To answer your immediate question, the Script Element documentation on MDN will help.
Defer:
Scripts with the defer attribute will prevent the DOMContentLoaded
event from firing until the script has loaded and finished evaluating.
Async:
This is a Boolean attribute indicating that the browser should, if
possible, load the script asynchronously.
An async script will not hold up the DOMContentLoaded event from firing.
There are several better ways of causing dom content to appear after a delay that will not block the UI thread like you are doing; this is a very bad practice.
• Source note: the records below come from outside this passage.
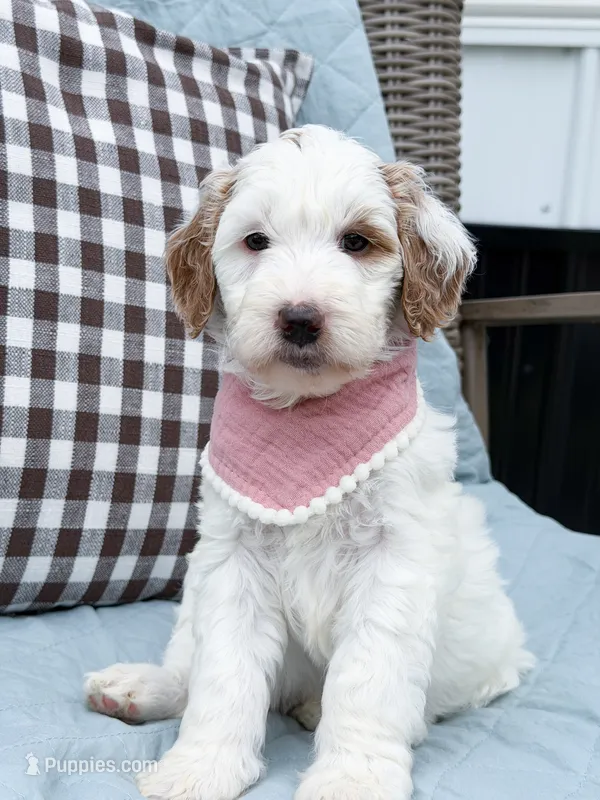 Skye – Goldendoodle puppy for sale in Amelia Court House, VA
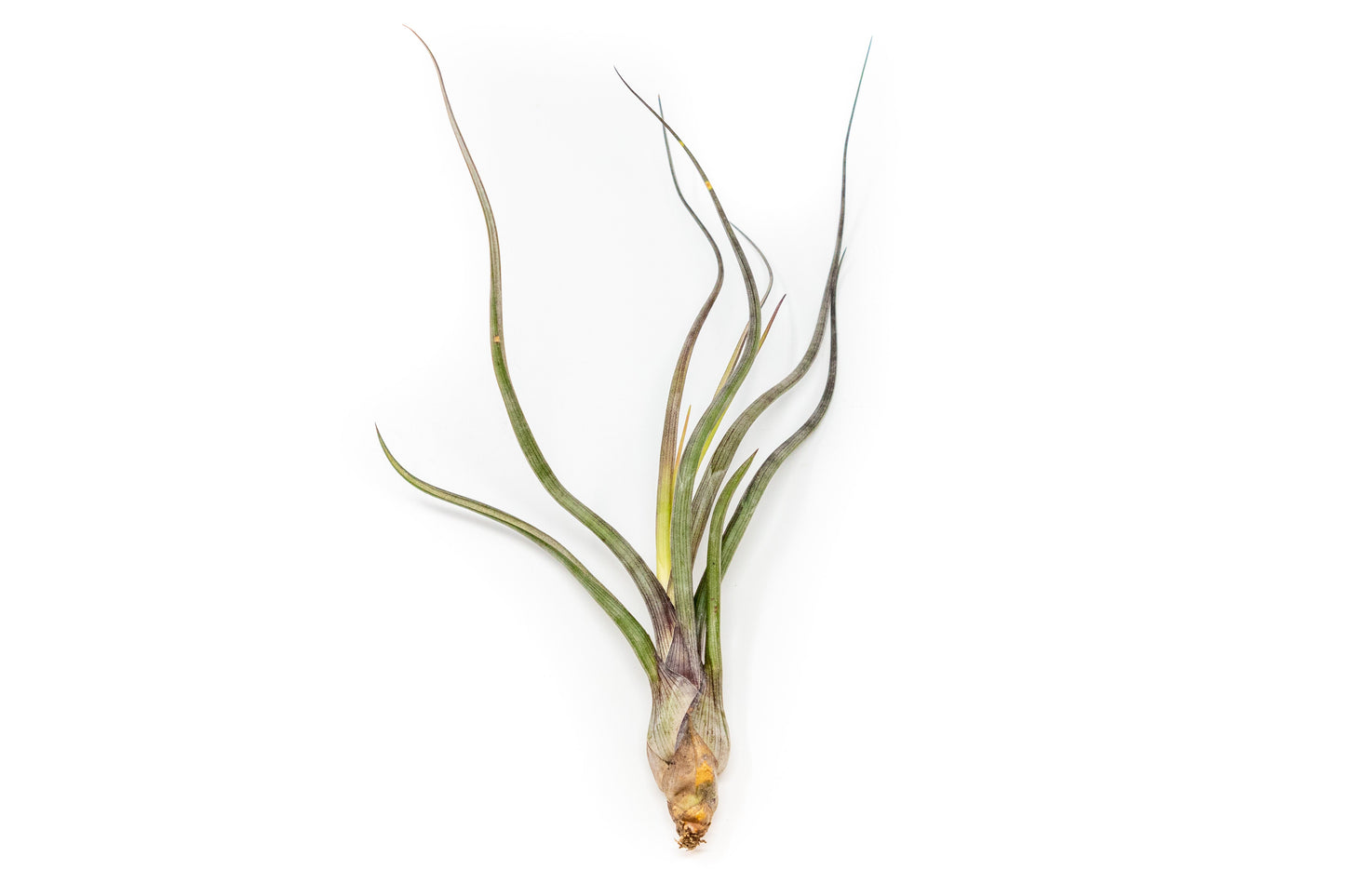 Tillandsia Baileyi Air Plants - Set of 5 or 10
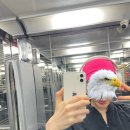 강남대로16길 21 이미지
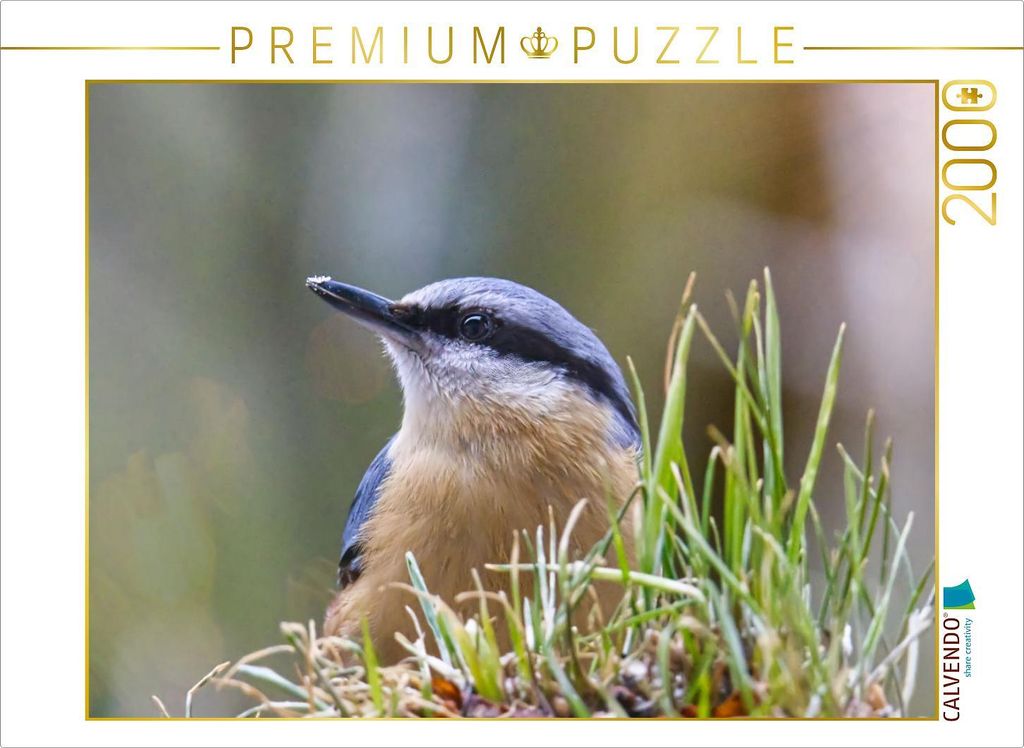 CALVENDO Puzzle Aufmerksamer Kleiber | 2000 Teile Lege-Größe 90x67cm Foto-Puzzle für glückliche Stunden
An extract from DOMContentLoaded:
Synchronous JavaScript pauses parsing of the DOM. If you want the DOM
to get parsed as fast as possible after the user has requested the
page, you can make your JavaScript asynchronous
The normal practice would be to append dom content after the document is loaded. You could still do this with a timeout but usually the additional dom content would be loaded after some other asynchronous action like a response received from fetch.
Here is an example of appending dom content after a delay:
function wait(ms){
window.setTimeout(function() {
var element = document.createElement("h1")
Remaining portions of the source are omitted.